You have a set of playing cards with 15 unique cards in it and no more. You are given 5 cards per minute, with replacement. You need 20 cards of a specific kind to get a stamp of the card type. So, there are 15 stamps to earn.
let cards(t) = the number of cards earned at a given minute
What is the probability of having x specific stamps (20 cards or more of that kind to earn it's stamp) given cards(t) cards?
My rough work below
let cards(t) = the number of cards earned at a given time
P(getting a specific stamp card) = 1/num stamps to get
P(getting 19 or less cards of a specific stamp) = cumulative binomial distribution (19 successes, cards(t) draws, P(getting a specific stamp card))
P(unlocking a specific stamps (20 cards or more of that stamp) ) as = 1 - P(getting 19 or less cards of a specific stamp)
So from this we expand to unlocking x specific stamps:
P(getting 19 or less cards of a specific stamp * x stamps ) = cumulative binomial distribution (19 successes * x?, cards(t) draws, P(getting a specific stamp card) * x? )

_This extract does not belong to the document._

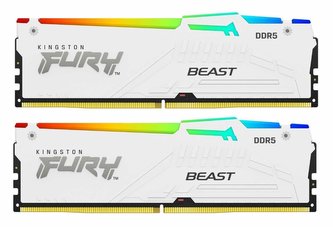 KINGSTON DIMM DDR5 32GB (Kit of 2) 6000MT/s CL30 Non-ECC FURY Beast RGB EXPO, Bílá
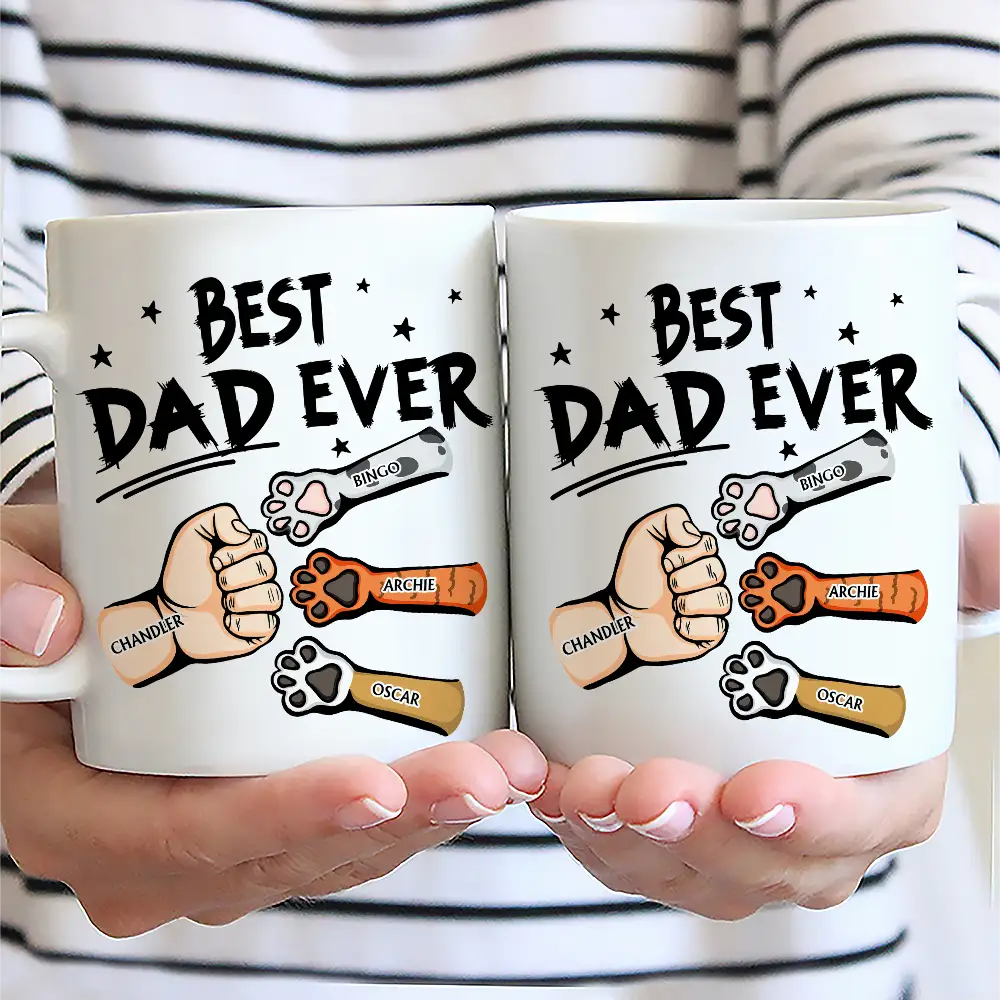 Best Dad Ever Pet And Kid Hand Punch Colorful - Personalized Mug - Image 2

! This part below definitely doesn't work because you can unlock 0..x-1 stamps and still not unlock x specific stamps. I'm not sure what type of summation or equation I should use to calculate this part
P(unlocking a x specific stamps (20 cards or more of each stamp) ) as = 1 - P(getting 19 or less cards of a specific stamp * x stamps )
let X = random variable with x=0..numStamps outcomes with P(unlocking a x specific stamps (20 cards or more of each stamp) ) probability
# stamps expected to be unlocked would be: E[X] = Sum x=1..numStamps( P(unlocking a x specific stamps (20 cards or more of each stamp) ) * x )

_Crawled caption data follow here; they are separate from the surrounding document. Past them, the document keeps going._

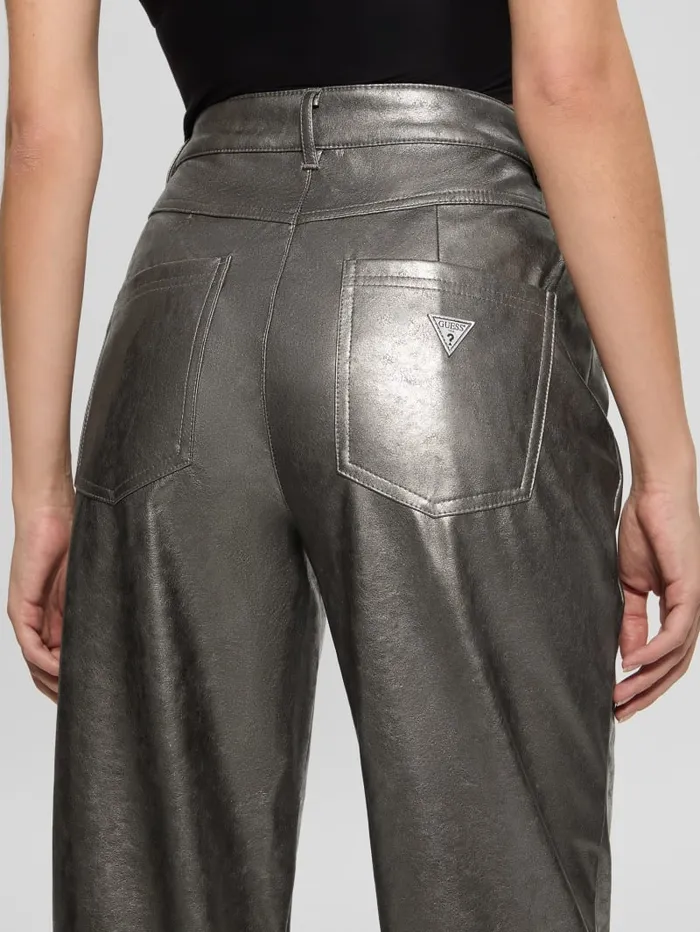GUESS Bottoms Ambra Metallic FauxLeather Pants Gold 8211 Women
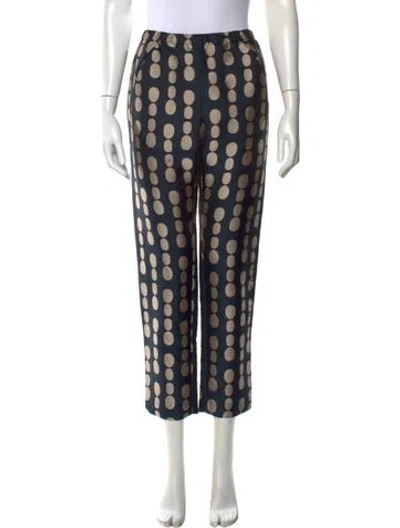 Pre-owned Zero + Maria Cornejo Polka Dot Print Wide Leg Pants In Blue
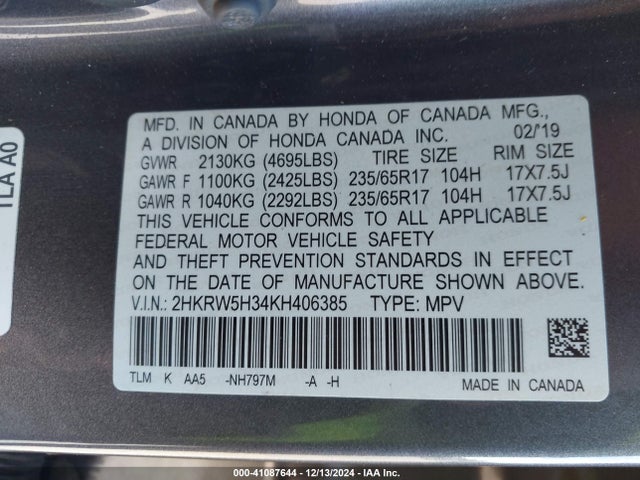 Honda CR-V LX 2019 2HKRW5H34KH406385 Image 9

I'm having trouble with the minimums thresholds of the 'buckets' when I try to calculate the probability of unlocking x stamps.
P(unlocking a x specific stamps (20 cards or more of each stamp) ) = 1 - Sum y=0..x-1 ( P(unlocking a y specific stamps (20 cards or more of each stamp) )
^ something inductive like this might work but it may be more difficult than what this requires
The closed form math for this ended up being too hard, so I wrote a small script to simulate the draws instead and plotted the averages/distribution.
Someday I'd love to learn the math to get this working!